Wednesday, November 9, 2011
(dis)Abilities and the Gospel
Here is the blurb from the website:
Each day, parents and Church leaders struggle to teach individuals with special needs. Using real-life stories and a touch of humor, this inspiring book guides you to teach effectively, overcome communication barriers, and build strong relationships with people of all ages with disabilities. Discover each person's ability to learn and grow as you help them feel like a valuable part of your life.
Non-fiction is really not my thing, but I found that I was fascinated and touched by this book. It is helpful and informative for parents, but I think it should be required reading for anyone who has a child with special needs in their quorum or class.
(dis)Abilities and the Gospel is formatted in such a way that it is so easy to navigate. If you want to read straight through, the different sections progress in a natural way; from Primary and through the auxillaries to adult callings. If you have a specific area of concern, it is easy to find what you are looking for.
The advice that is given is applicable not only to teachers or friends of people with special needs, but to any parent, friend or primary teacher. There is also advice on how to help your kids to be a better friend to a child with special needs and even to help people know how to approach that child's parents or siblings appropriately.

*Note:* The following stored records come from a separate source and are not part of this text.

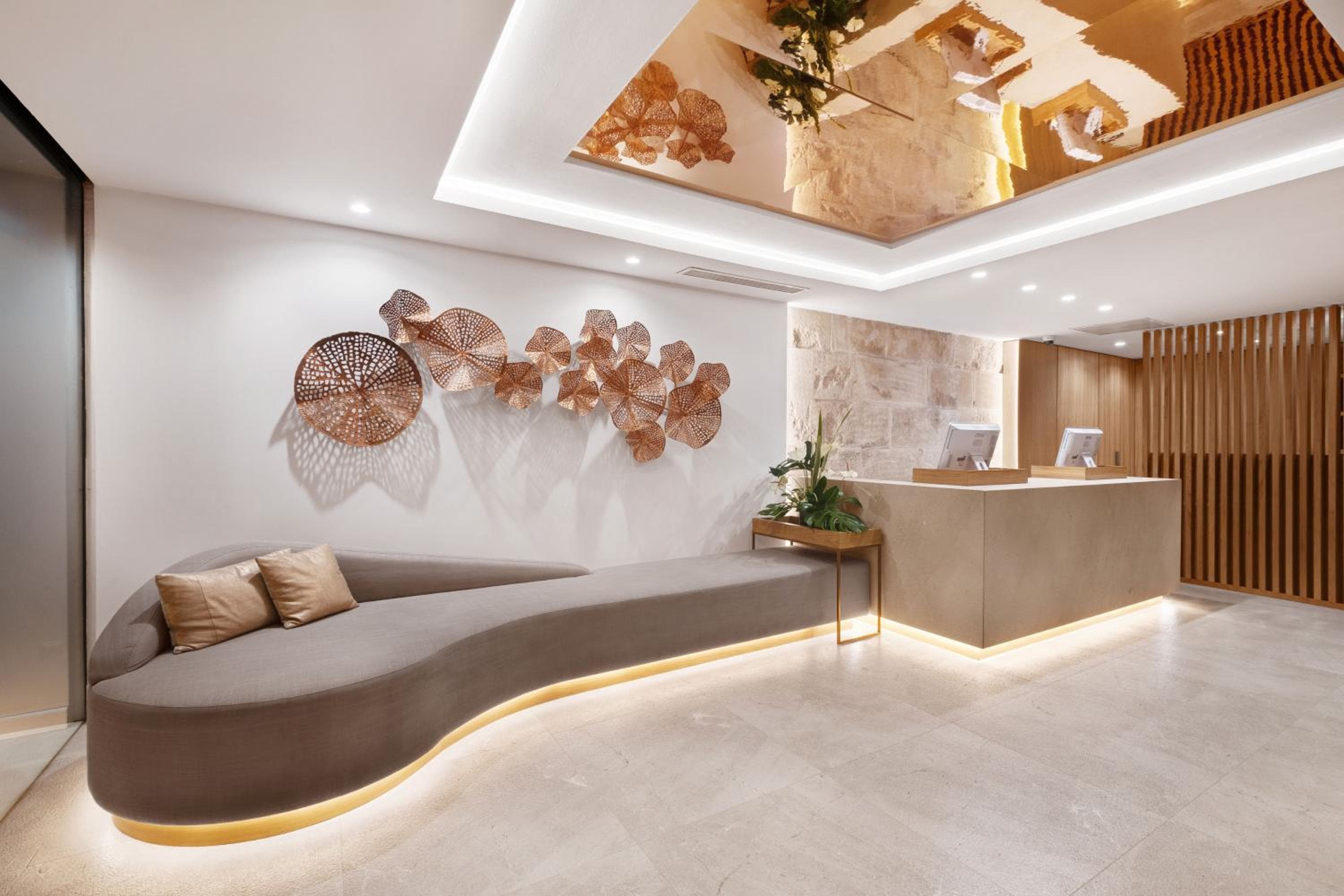 Hotel Almudaina — 6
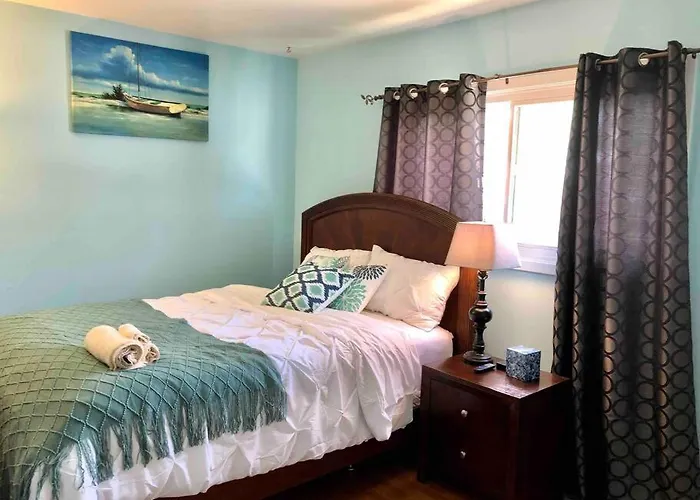 The Ultimate Escape. Unpack, Relax, Enjoy!sleeps14 Casa vacanze *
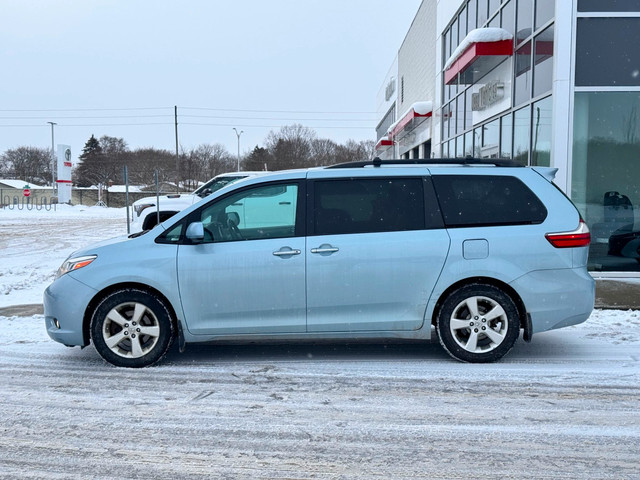 2015 Toyota Sienna XLE 7 Passenger EASY TO FIND IN A PARKING LOT in Cars & Trucks in London - Image 3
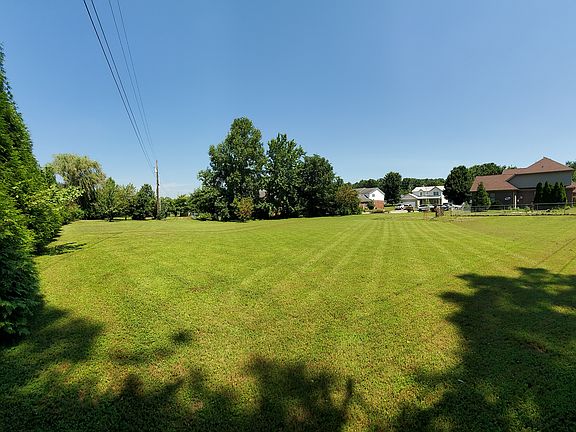 4th image of 230 Autumn Ct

The authors have such a sweet and positive way of describing problems and their solutions, and present them with stories and examples.
Various websites and resources are given throughout.

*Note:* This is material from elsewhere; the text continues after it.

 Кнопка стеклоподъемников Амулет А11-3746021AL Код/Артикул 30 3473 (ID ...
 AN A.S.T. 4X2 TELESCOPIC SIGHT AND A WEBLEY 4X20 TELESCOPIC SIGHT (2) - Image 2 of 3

I felt like this book could be beneficial to so many people--I have a better idea of how to help some of the kids in my own Primary, and a better understanding of why they act the way that they do.
There were a few sections that I found to be particularly interesting to me. The first was the Primary section. I love the ideas to make sharing time better for kids with special needs. Simple strategies as easy as where the kids sit or pre-teaching some topics are so do-able. There were also some great ideas for FHE and scripture study. It was eye-opening to learn about some of the problems that these special kids face. A particular example that stood out to me was that a child with autism may not understand 60% of what you're saying.

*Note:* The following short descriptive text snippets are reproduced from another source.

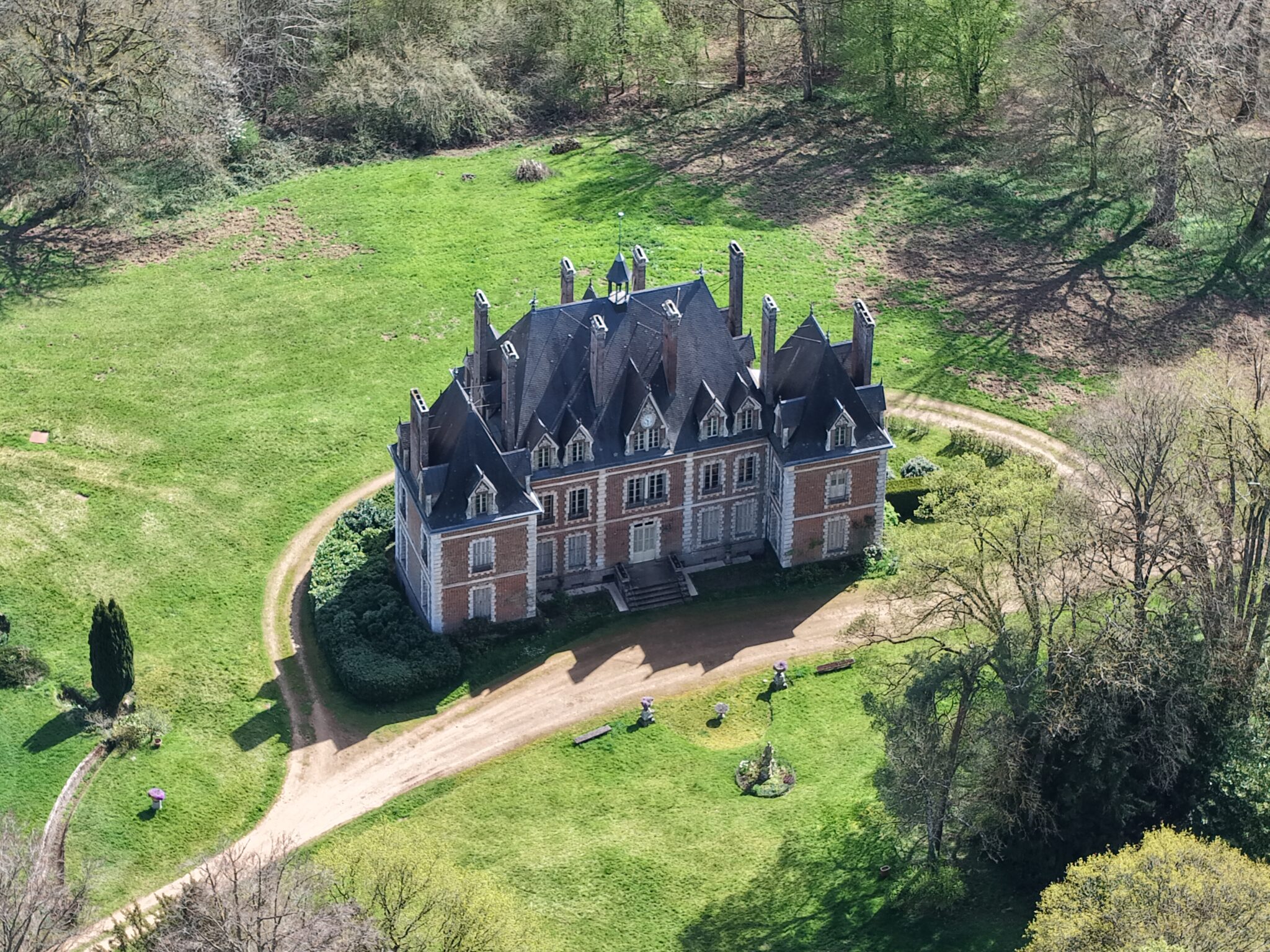Inspection et prise de vue aérienne par drone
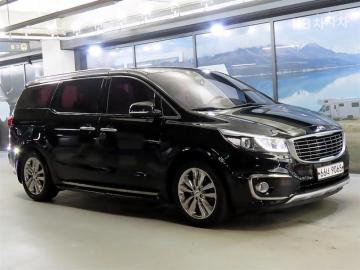 Kia Carnival 9-Seater Diesel — foto 1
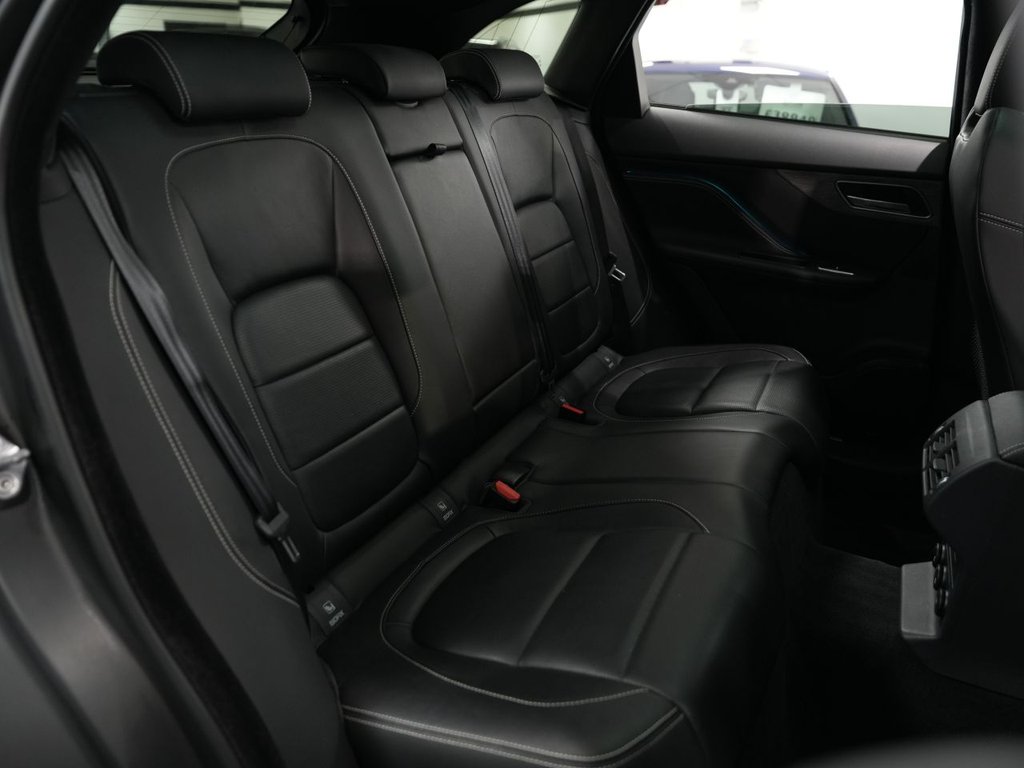 2019 Jaguar F-Pace thumbnail 22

My very favorite part of the book was at the end where some short testimonies were shared by parents and siblings of special needs kids. They were so touching and written with so much love.
This book is written so beautifully, and would be appropriate for any church leader or parent. There is so much practical advice as well as examples of faith. It is well written and I would (and will) recommend it to anyone. In my ward, I am the Primary President and I have a little guy whose teacher is getting a copy of this book from me. We're going to develop a plan because even though he's tricky and feisty and hard to communicate with, this boy has touched all of us in the Primary with his spirit and especially his testimony of Jesus.
Thanks ladies for letting me read it.